Chancellor George Osborne cited Treasury advice when he ruled out sharing the pound in the event of a Yes vote in this year's independence referendum, but the arguments "cannot withstand" scrutiny, according to Leslie Young, economics professor at the Cheung Kong Graduate School of Business in Beijing.
The Scottish Government has put forward plans for the country to retain the pound if there is a Yes vote in September, arguing this would be to the benefit of both Scotland and the rest of the UK.
But the Chancellor, and his Labour and Liberal Democrat counterparts Ed Balls and Danny Alexander, have all ruled out doing such a deal with an independent Scotland.
In the wake of a speech in Edinburgh earlier this year, Mr Osborne published a letter from his Permanent Secretary summarising Treasury advice on the currency union issue.
The letter from Sir Nicholas Macpherson told Mr Osborne that unions are "fraught with difficulty" and raised serious concerns about the Scottish Government's commitment to making it work.
Prof Young said: "There may be good reasons for the UK to reject a currency union with an independent Scotland, but none can be found in the Treasury letter.
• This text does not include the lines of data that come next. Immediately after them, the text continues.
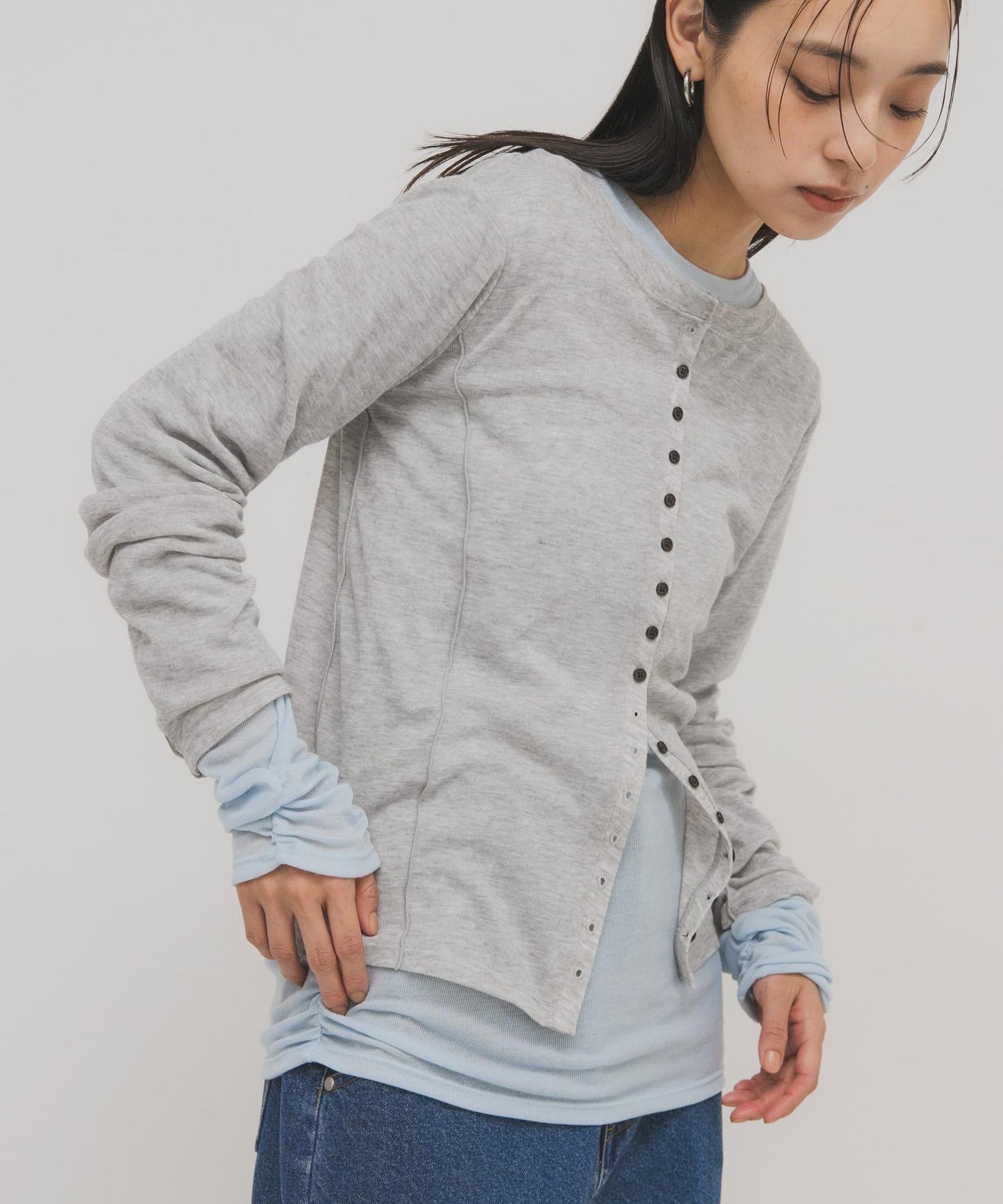 拼色疊穿設計長袖T恤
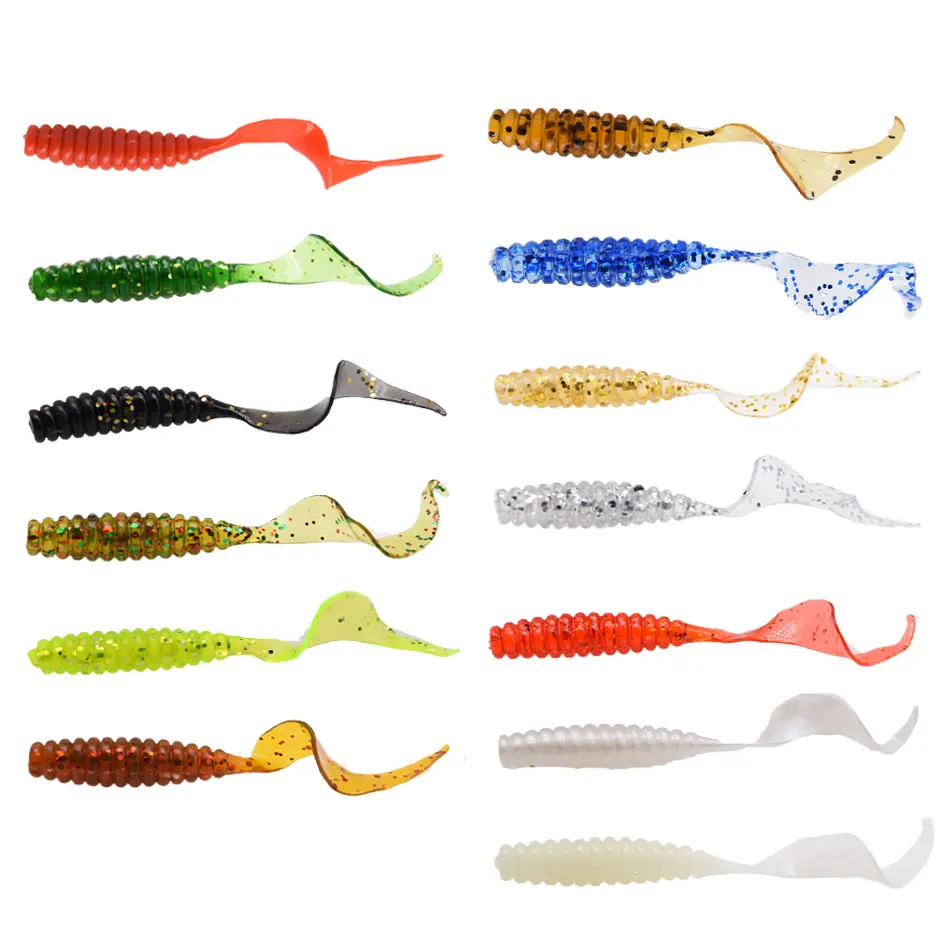 6cm 10pcs grub lure bait soft rubber silica worm lure fishing tackle for seewater and freshwater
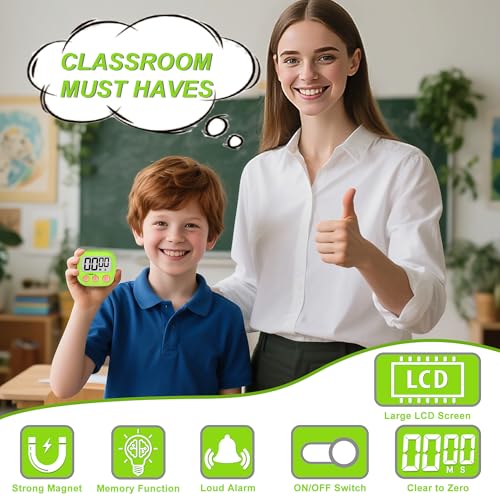 Digital Timer for Kids Teacher Supplies Classroom Timer for Study Learning Management Kitchen Work Exercise (Blue Green Yellow Purple)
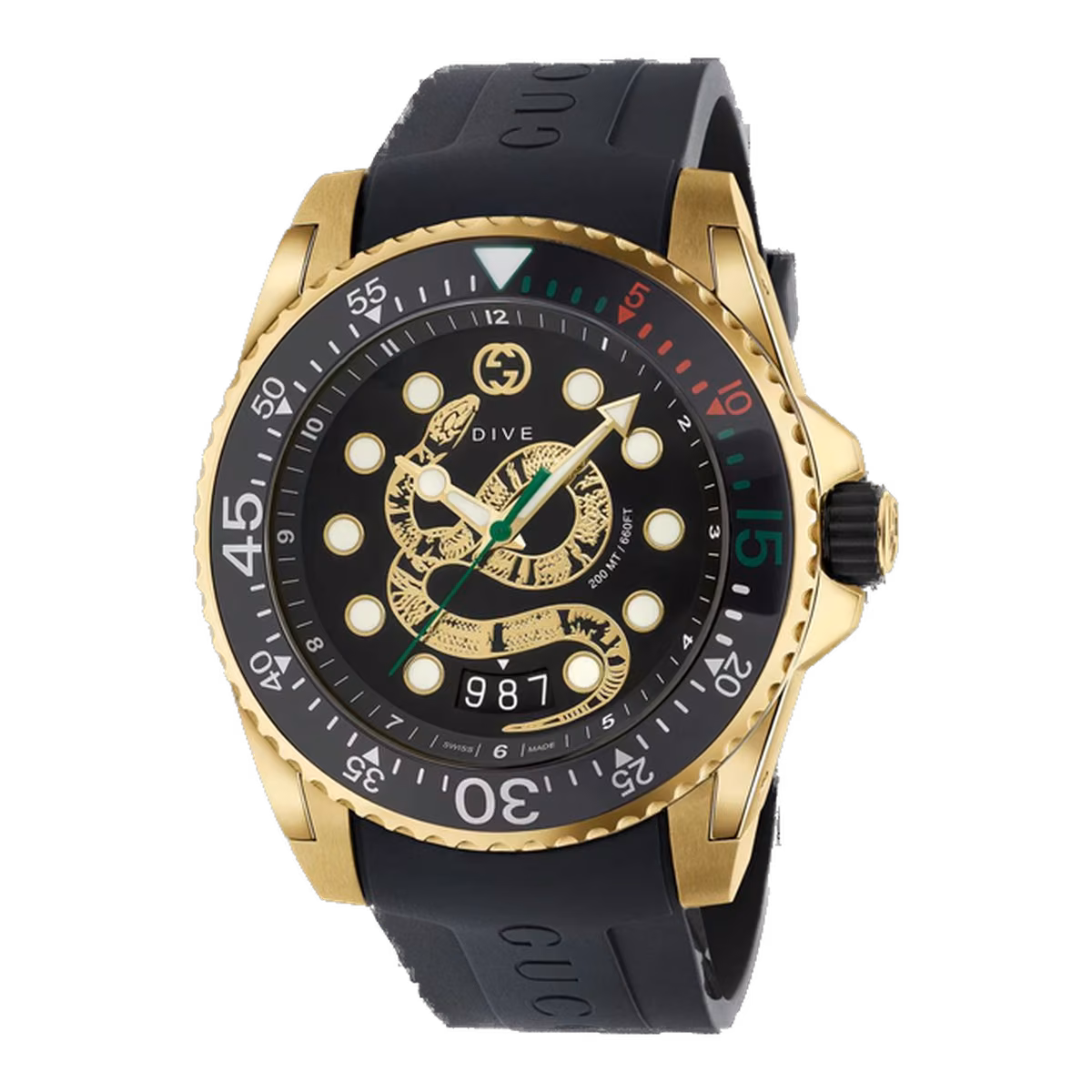 Gucci DIVE GOLD SNAKE RUBBER STRAP 45mm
Yet, that letter is the key justification for the stance of the UK Government."
The Scottish Government welcomed the report while the Treasury maintained that a currency union is "not going to happen".
In his letter, Sir Nicholas set out reasons against a currency union including concerns that the Scottish Government has suggested that another currency option could be chosen in future, the risk of a bailout for either country, and the impact of differing tax and spending policies.
Oxford-educated Prof Young challenged each paragraph of the Treasury letter in his report, describing it as "loose analysis" with "inconsistent assumptions".
Part of the Treasury letter said there would be "intolerable pressure" on the currency union if the UK and Scottish Governments did not have aligned fiscal policies.
Prof Young said: "Its literal meaning is 'pressure so intense that it is bound to rupture the currency union'. Why hide behind the ambiguous construction? Why not state outright that the hypothesised behaviour by the Scottish government would rupture the currency union?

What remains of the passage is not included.